Somalia
una guerra dimenticata
dal corrispondente Rai a Nairobi Enzo Nucci
E’ ancora una volta la popolazione civile a pagare il prezzo più alto dello scontro che oppone in Somalia le forze militari del Governo Federale di Transizione (appoggiato dalla comunità internazionale) ai ribelli islamici radicali, legati ad Al Qaeda.
Dall’inizio di febbraio – secondo l’Alto Commissariato per i Rifugiati delle Nazioni Unite – sono più di ottomila i civili che hanno già lasciato Mogadiscio per sfuggire ai combattimenti che infuriano nella zona settentrionale della capitale. Molti si sarebbero diretti verso il corridoio di Afgooye, dove sono ammassati ben 366 mila profughi in campi privi di acqua, toilettes, e che neanche le organizzazioni internazionali riescono a sfamare per l’alto rischio nella distribuzione degli aiuti alimentari. Il corridoio di Afgooye si estende per 30 chilometri a est di Mogadiscio: qui c’è la maggior concentrazione di sfollati al mondo.
Più di 250 mila civili sono stati costretti a lasciare Mogadiscio da maggio scorso. In Somalia ci sono un milione e 400 mila sfollati interni mentre oltre 560 mila persone vivono come rifugiati negli stati africani confinanti.
L’Alto Commissariato dell’Onu si dice preoccupato per l’acuirsi della violenza ed ha rinnovato l’appello ai combattenti (sia governativi che i ribelli) a rispettare il diritto umanitario internazionale, violato sistematicamente ed all’origine delle fughe forzate.
Questa nuova ondata di violenza è stata causata dalla preparazione di una offensiva militare che le forze governative stanno preparando ammassando militari nella zona nord di Mogadiscio.
La risposta dei radicali islamici non è tardata con agguati ed attacchi che hanno causato decine di morte. Inoltre gli Shebab (il gruppo più estremista) ha lanciato un appello alla guerra totale contro il Governo di Transizione che “ha annunciato di lanciare con l’appoggio dell’Amisom (la forza di pace dell’Unione Africana) una offensiva contro gli Shebab ed i loro alleati di Hezb al-Islam”.

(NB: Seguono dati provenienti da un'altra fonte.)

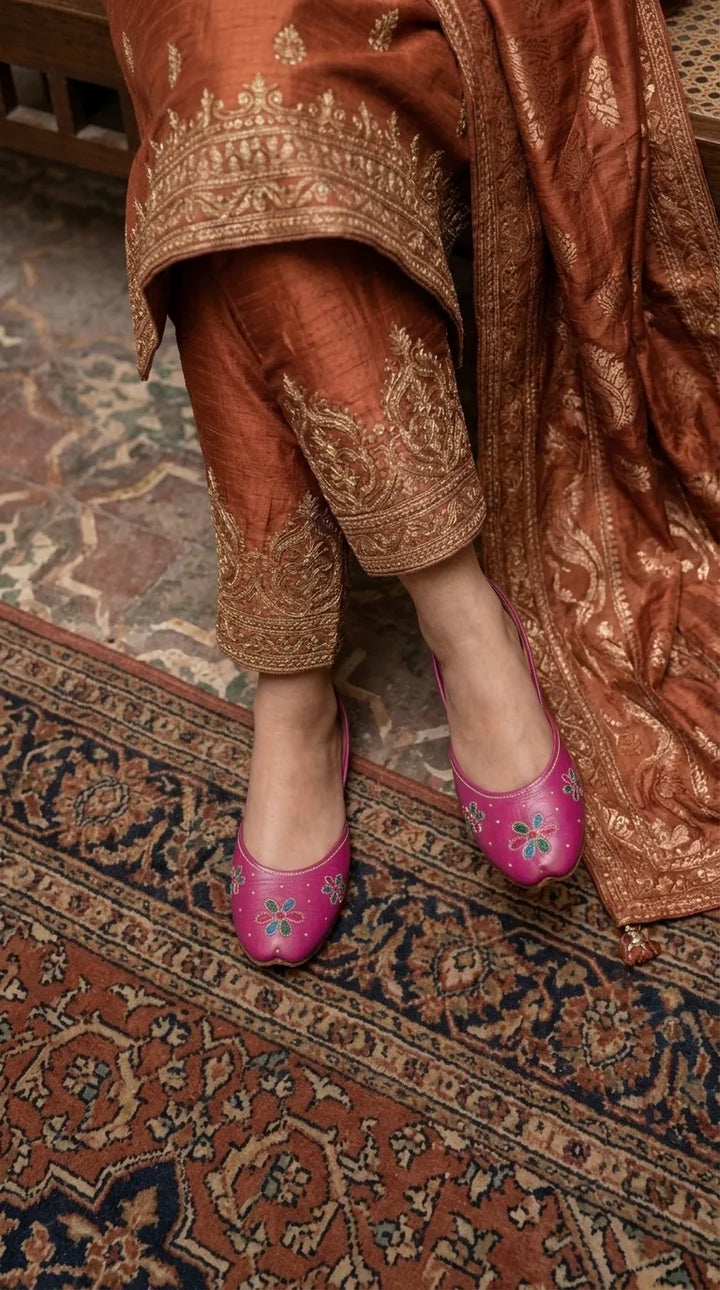 Pink Leather Khussa For Ladies EC8940
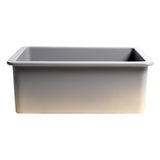 ALFI Brand ABF2718UD-GM Gray Matte 27" x 18" Fireclay Undermount/Drop in Fireclay Kitchen Sink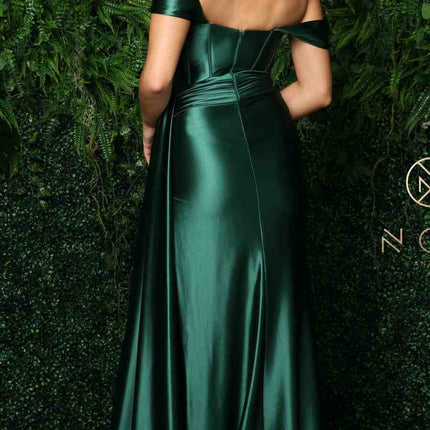 Nox Anabel E1043 Bustier Corset Satin Dress Detachable Off Shoulder Straps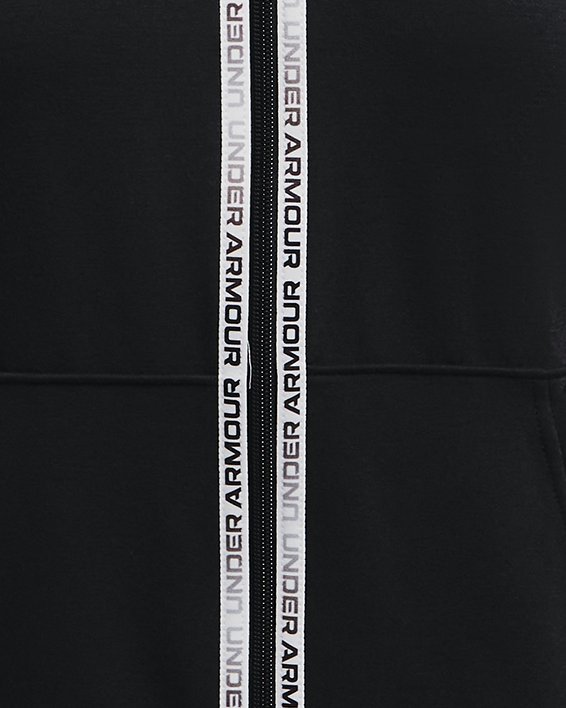 Damen UA Rival Taped Hoodie aus French Terry mit durchgehendem Zip, Black, pdpMainDesktop image number 4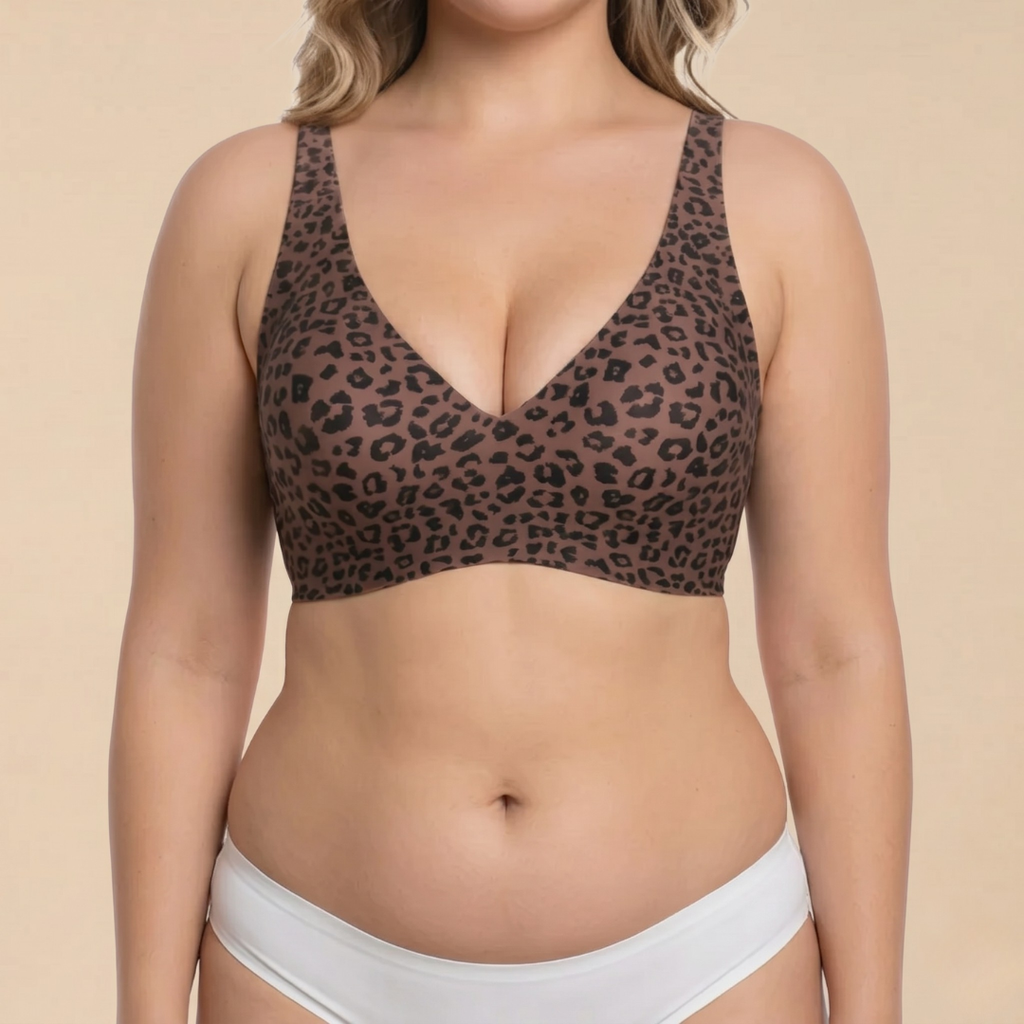 Jelly Wireless Seamless Deep-V Push-Up Bra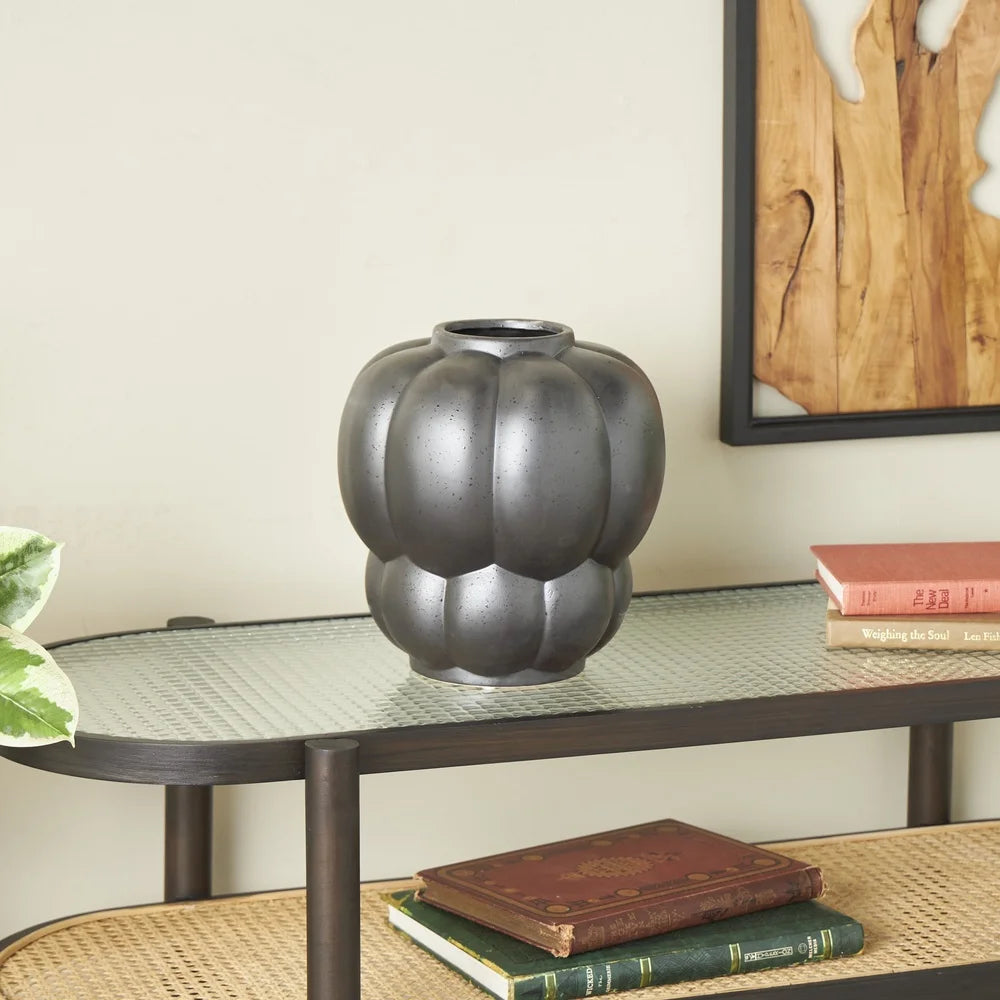 Contemporary Black Ceramic Bubble Vase Distressed Textured Surface Unique Home Accent Modern Centerpiece Gift Decor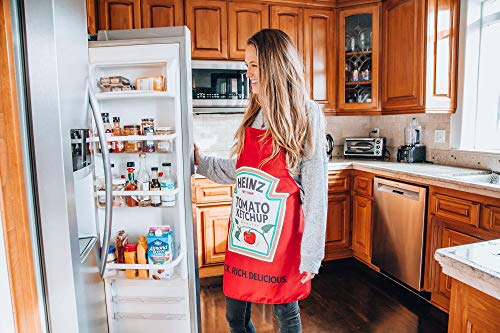 Heinz Tomato Ketchup Cooking Apron | BBQ Grilling And Cooking Essentials | Serving Chef Apron With Long Ties | Home Kitchen Gift Ideas | One Size Fits Most Adults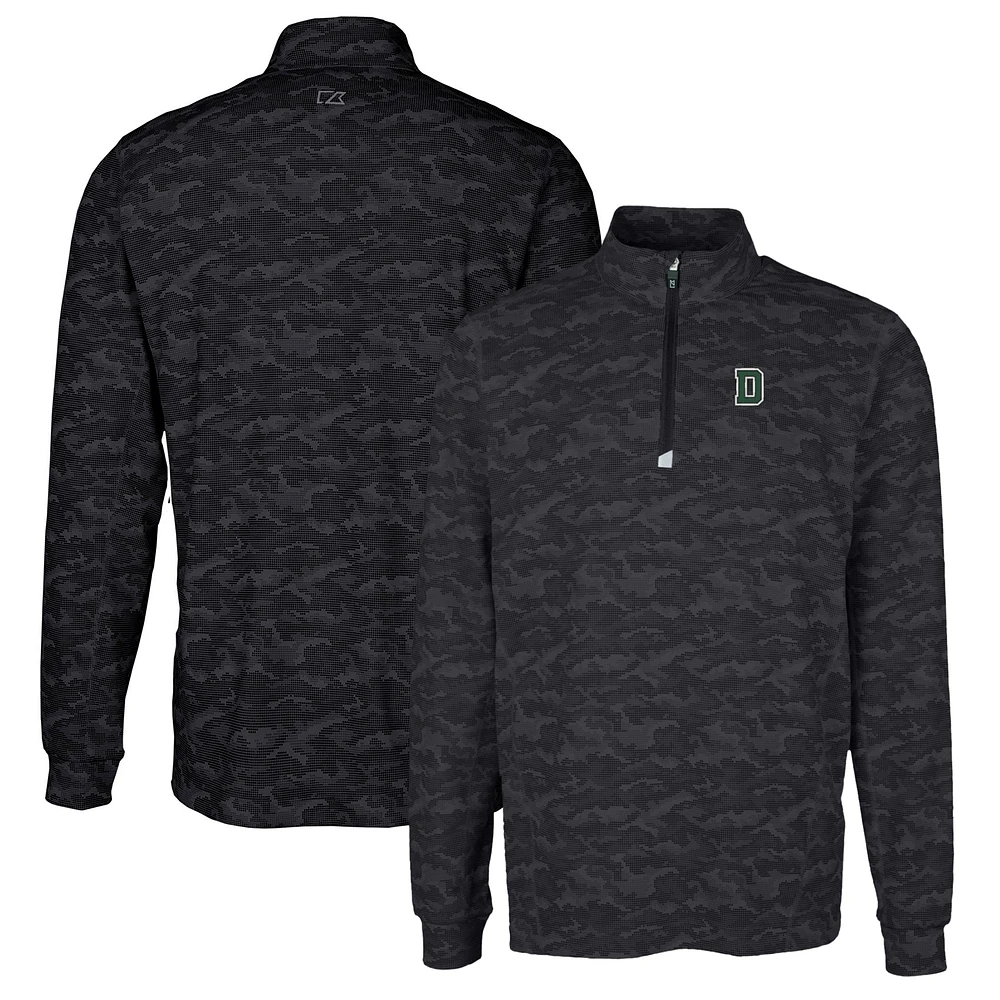 Men's Cutter & Buck Black Dartmouth Big Green Traverse Camo Print Stretch Quarter-Zip Pullover Top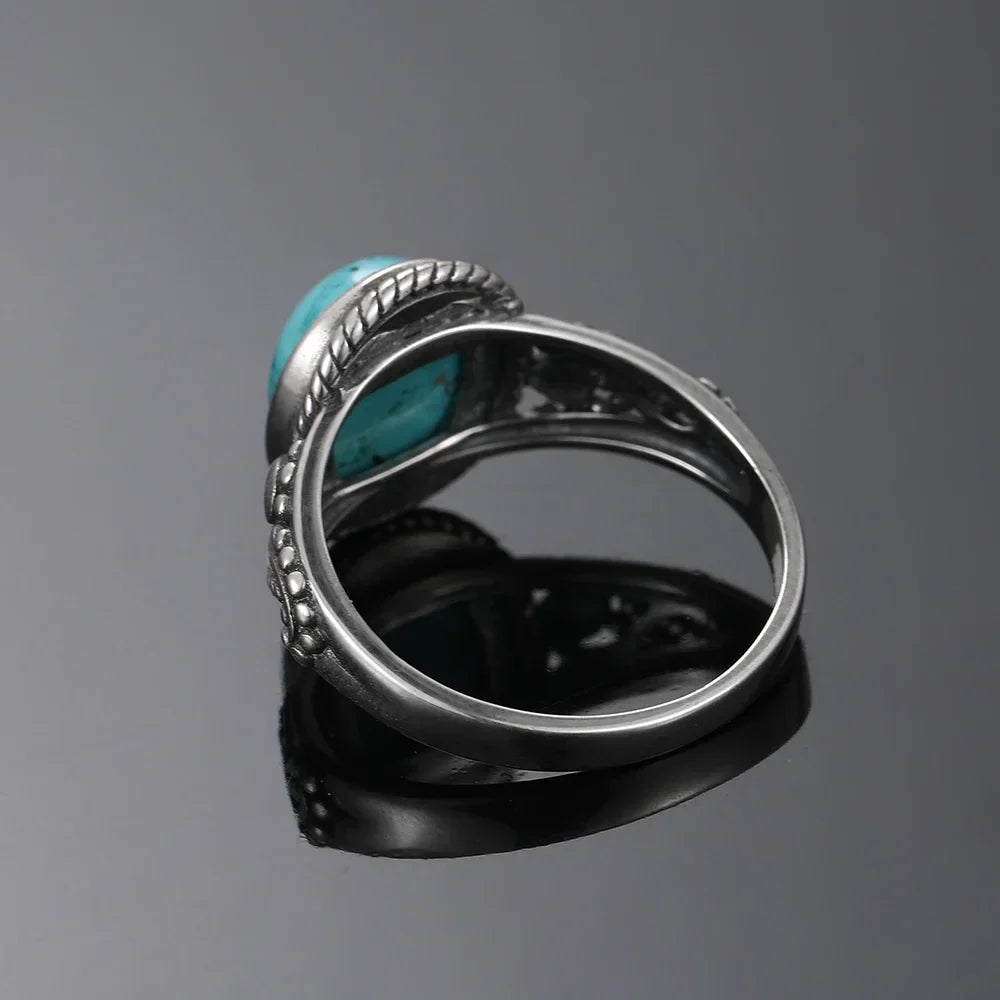 Timeless Silver Oval Turquoise Ring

Il Governo di Transizione è nell’impossibilità di guidare il paese perché privo di una leadership riconosciuta dalla gente, dilaniato da guerre intestine che lo indeboliscono giorno per giorno. La sfida dei radicali si fa sempre più sfacciata con l’attacco diretto a ministri e componenti del governo. Per capire la totale mancanza di agibilità politica in Somalia, basti pensare che esiste sulla carta un parlamento che non si riunisce perché a Mogadiscio mancano le condizioni necessarie di sicurezza. La metà dei deputati – dice Muhammad Omar Talha, vice presidente dell’assemblea legislativa – vive all’estero per timore di essere uccisa. “Almeno 47 parlamentari hanno già chiesto asilo politico in Europa. Hanno lasciato la Somalia con la scusa di effettuare visite ufficiali chiedendo poi ospitalità una volta al sicuro” ha aggiunto Talha.
Il pericolo che il conflitto somalo possa espandersi nei paesi confinanti è alla base delle preoccupazioni del Kenya che smentisce di star preparando azioni militari contro gli Shebab, assicurando il proprio sostegno al governo somalo. Ma molti abitanti delle zone di confine tra i due paesi assicurano che i militari di Nairobi hanno rafforzato la loro presenza nell’area.
La Somalia resta uno dei principali problemi della politica internazionale. Dopo i “rischi” Iraq e Afghanistan, potrebbe imporsi all’attenzione del mondo la polveriera Somalia, dilaniata da 19 anni di guerra civile e dove l’unica alternativa al fallimento della comunità internazionale di trovare soluzioni politiche per arrivare alla pace sembra essere il successo dei radicali legati ad Al Qaeda.